Why we need self-balanced BST?
In short, to improve operation performance.
There are some edge cases where inserting ordered data in BST results in a single list, which makes the lookup time O(n). So to avoid all this vases, we want the BST as balanced as possible – number of nodes on left and right tree do not differ too much.
Red Black Tree
Red Black Tree
Red-Black Tree is a self-balancing Binary Search Tree (BST) where every node follows following rules.
-
Every node has a color either red or black.
-
Root of tree is always black.
-
There are no two adjacent red nodes (A red node cannot have a red parent or red child).
-
Every path from a node (including root) to any of its descendant NULL node has the same number of black nodes.
Every Red Black Tree with n nodes has height <= 2Log2(n+1)
Why Red-Black Trees?
Most of the BST operations (e.g., search, max, min, insert, delete.. etc) take O(h) time where h is the height of the BST. The cost of these operations may become O(n) for a skewed Binary tree. If we make sure that height of the tree remains O(Logn) after every insertion and deletion, then we can guarantee an upper bound of O(Logn) for all these operations. The height of a Red-Black tree is always O(Logn) where n is the number of nodes in the tree.
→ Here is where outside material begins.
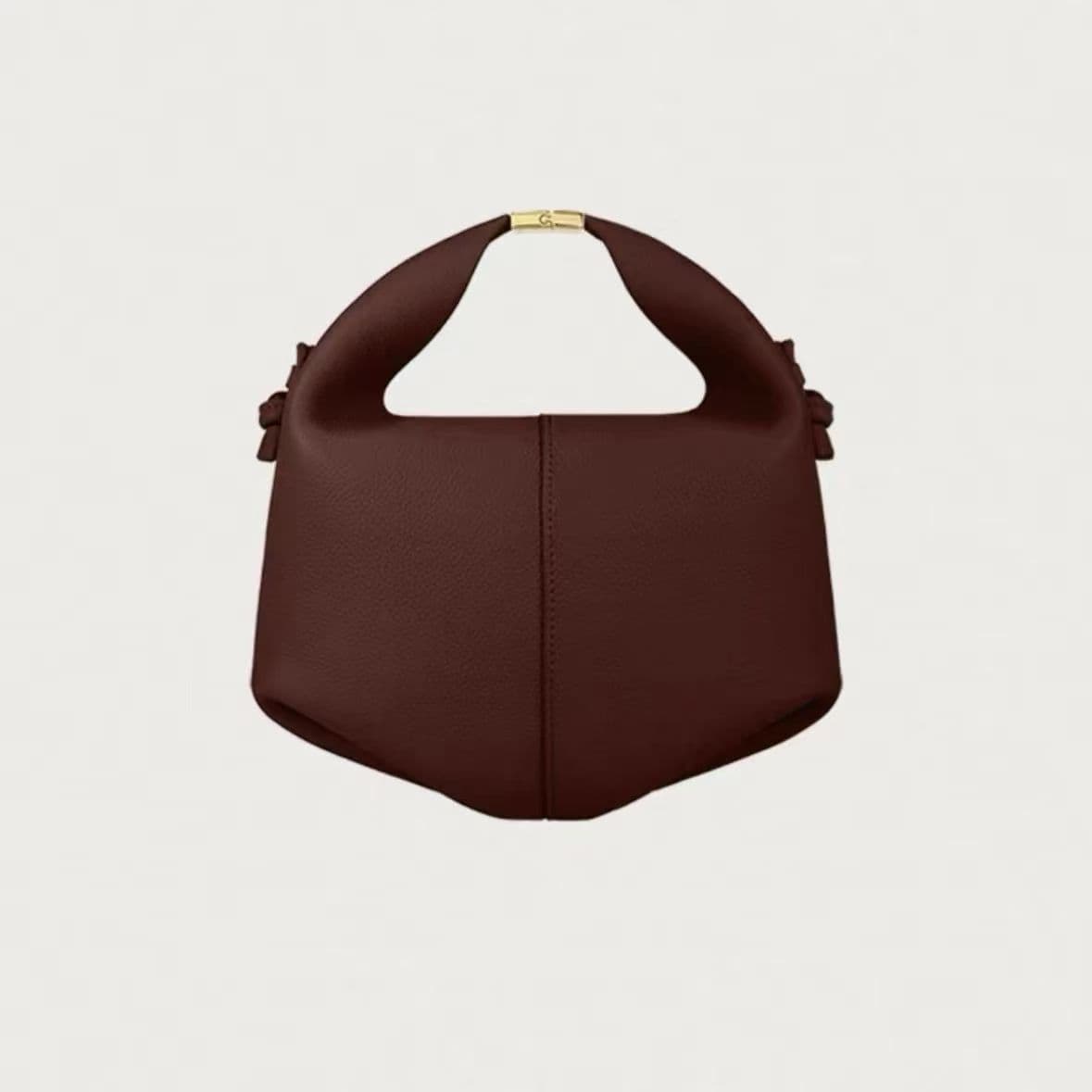 Sac de qualité [Meilleure vente] POLENE Lunch Paris Sac bandoulière en cuir véritable style français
Red Black Tree V.S. AVL Tree
The AVL trees are more balanced compared to Red-Black Trees, but they may cause more rotations during insertion and deletion. So if your application involves many frequent insertions and deletions, then Red Black trees should be preferred. And if the insertions and deletions are less frequent and search more frequent, then AVL tree should be preferred over Red-Black Tree.
AVL Tree
AVL Tree
AVL tree is a self-balancing Binary Search Tree (BST) where the difference between heights of left and right subtrees cannot be more than one for all nodes.
Why AVL Tree?
Most of the BST operations (e.g., search, max, min, insert, delete.. etc) take O(h) time where h is the height of the BST. The cost of these operations may become O(n) for a skewed Binary tree. If we make sure that height of the tree remains O(Logn) after every insertion and deletion, then we can guarantee an upper bound of O(Logn) for all these operations. The height of an AVL tree is always O(Logn) where n is the number of nodes in the tree.
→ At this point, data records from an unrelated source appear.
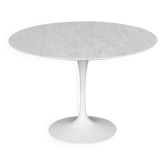 Originele Knoll Tulip 107cm rond Eero Saarinen Statuarietto mat NIEUWSTAAT!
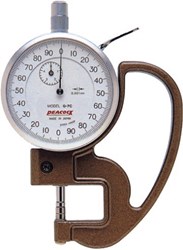 日本PEACOCK G-7C 千分位測厚規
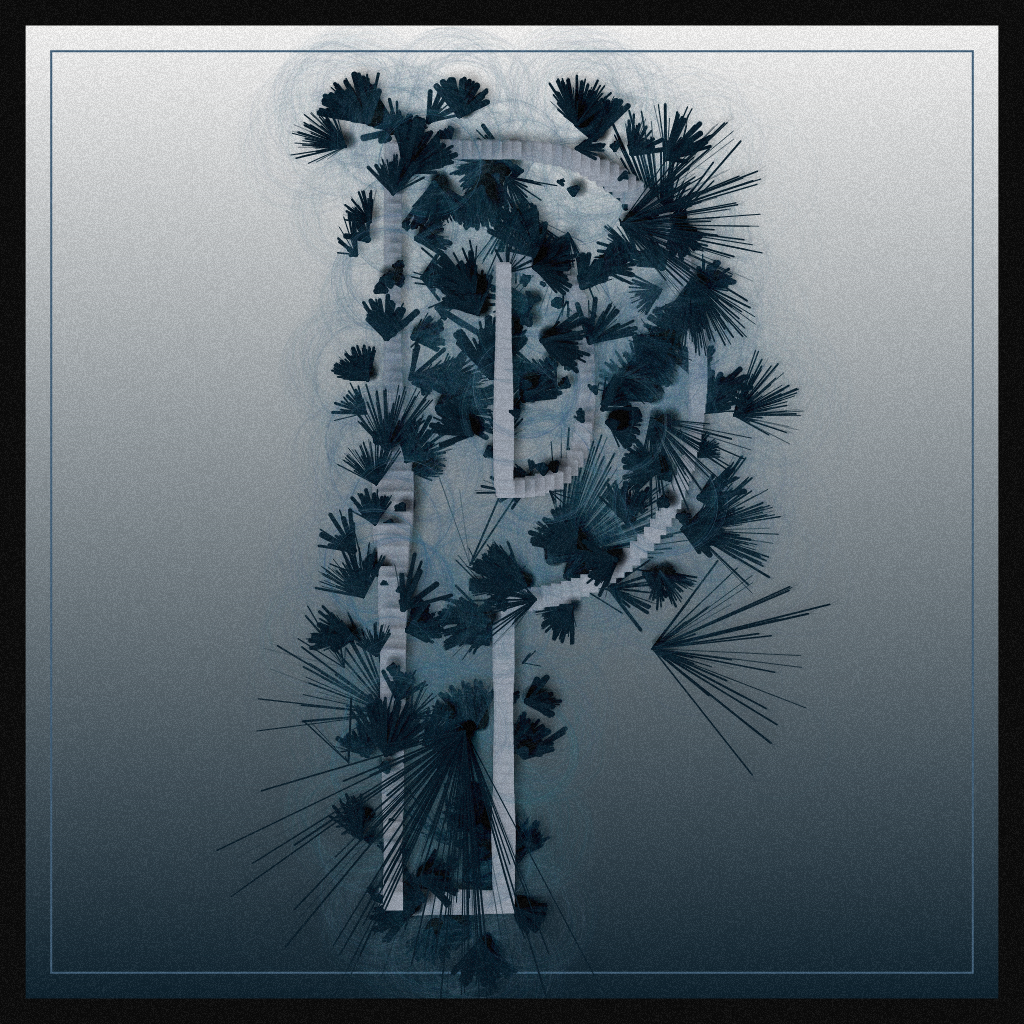 Flowery Letter #53 static NFT preview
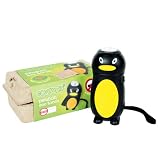 Zoo Ecotronic Torch - No Batteries Required - Penguin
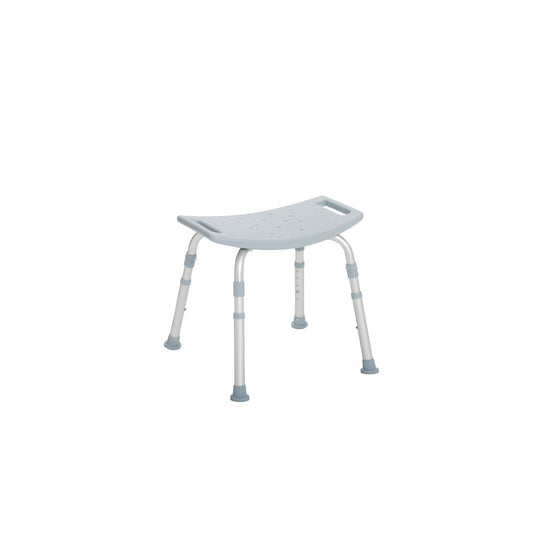 Shower Bench without Back Deluxe Aluminum Drive 12203KD-4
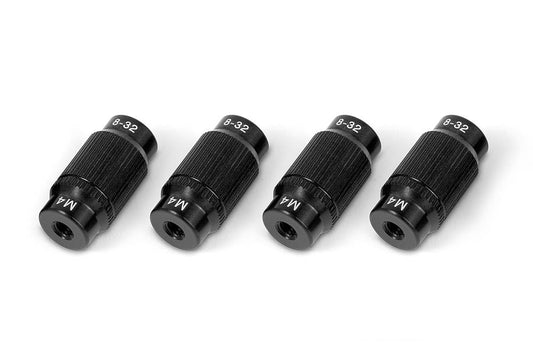 ALU NUT FOR 1/10 OFF-ROAD SET-UP SYSTEM (4)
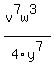 +%28v%5E7w%5E3%29%2F4y%5E7+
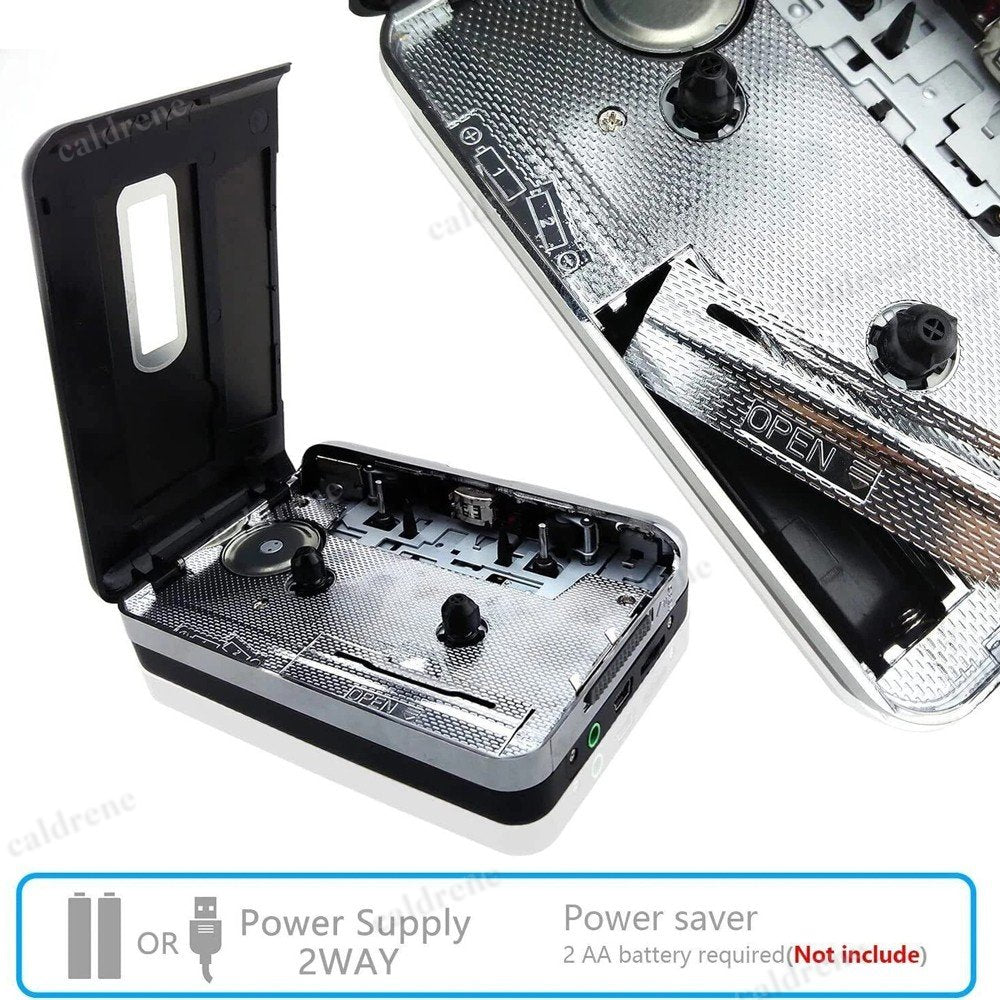 Portable Cassette Player and Tape to MP3 Converter – view 7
| METRIC | Red Black Tree | AVL Tree | |
|---|---|---|---|
| Insertion(Worst Case) | O(1) | O(logn) | |
| Max Tree Height | 2 * Log(n) | 1.44 * Log(n) | |
| Search(Worst) | O(logn) | O(logn) | |
| Deletion(Worst) | O(logn) | O(logn) | |
| Used when | always | when frequent lookup required | |
| Real world application | Multiset, Multimap, Map, Set, etc | DB Transactions |
Q TIME
Binary Tree Paths
def binaryTreePaths(self, root):
paths = []
path = ""
helper(root, path, paths)
return paths
def helper(self, node, path, paths):
if node is None:
return path
if node.left or node.right:
# result.append("->")
path = path + str(node.val) + "->"
else:
paths.append(path + str(node.val))
helper(node.left, path, paths)
helper(node.right, path, paths)
Validate BST
- Recursion: use in order traversal of BST.
def isBST(root):
out = []
inOrder(root, out)
for i in range(1, len(out)):
if out[i] <= out[i-1]:
return False
return True
for i in range(1, len(out)):
def inOrder(root, out):
if not root:
return
self.inOrder(root.left, out)
out.append(root.val)
self.inOrder(root.right, out)
Validate Full BST
- Iteration
def isFullBST(rot):
if not root:
return True
if root.left is None and root.right is None:
return True
if root.left is not None and root.right is not None:
return (isFullBST(root.left) and isFullBST(root.right))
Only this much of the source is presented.